Deborah Quazzo, Managing Partner GSV AcceleraTE Fund
Brackett (Creating Emotionally Literate Classrooms), founding director of the Yale Center for Emotional Intelligence and a professor at the Yale Child Study Center, examines how acknowledging one’s emotions can create confidence and promote mental health in this provocative, accessible work. Brackett uses his own life story—he was bullied and sexually molested as a child—to demonstrate the toxicity of repression and how the openness and attention of his uncle eventually gave him “permission to feel” again. With a primary focus on helping adults teach children emotional intelligence, Brackett encourages readers to accept and evaluate their emotions (both positive and negative). He then explains his “RULER” technique—recognizing, understanding, labeling, expressing, and regulating emotion—and recommends adults teach these steps to children as a means for dealing with stress or trauma. He emphasizes that stress can negatively impede a child’s creativity and memory and encourages negative behaviors such as poor diet and, eventually, smoking. While Brackett focuses on educational and child-based applications for his methods, his wise principles can easily be applied to adult situations as well.
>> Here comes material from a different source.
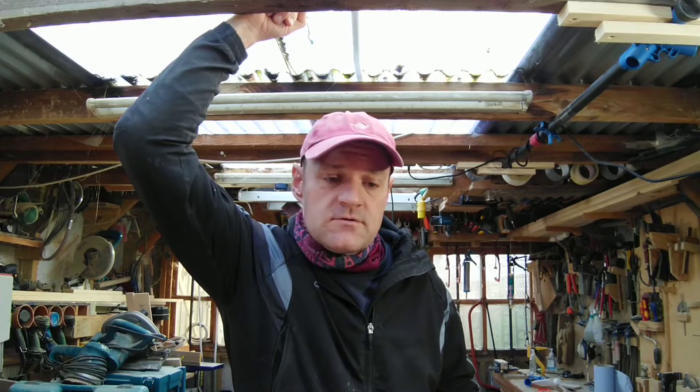Hi, it's Matt here from Crookster Cabin Makers. I've just had an opportunity to clean out the workshop and sort out my tools.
Readers looking for strategies for responding to stress, particularly in children, will find much guidance in this cogent, welcoming work. Agent: Richard Pine, Inkwell Management. (Sept.)
An analysis of our emotions and the skills required to understand them.
We all have emotions, but how many of us have the vocabulary to accurately describe our experiences or to understand how our emotions affect the way we act? In this guide to help readers with their emotions, Brackett, the founding director of Yale University's Center for Emotional Intelligence, presents a five-step method he calls R.U.L.E.R.: We need to recognize our emotions, understand what has caused them, be able to label them with precise terms and descriptions, know how to safely and effectively express them, and be able to regulate them in productive ways. The author walks readers through each step and provides an intriguing tool to use to help identify a specific emotion. Brackett introduces a four-square grid called a Mood Meter, which allows one to define where an emotion falls based on pleasantness and energy. He also uses four colors for each quadrant: yellow for high pleasantness and high energy, red for low pleasantness and high energy, green for high pleasantness and low energy, and blue for low pleasantness and low energy. The idea is to identify where an emotion lies in this grid in order to put the R.U.L.E.R. method to good use. The author's research is wide-ranging, and his interweaving of his personal story with the data helps make the book less academic and more accessible to general readers. It's particularly useful for parents and teachers who want to help children learn to handle difficult emotions so that they can thrive rather than be overwhelmed by them. The author's system will also find use in the workplace. "Emotions are the most powerful force inside the workplace—as they are in every human endeavor," writes Brackett. "They influence everything from leadership effectiveness to building and maintaining complex relationships, from innovation to customer relations."
An intriguing approach to identifying and relating to one's emotions.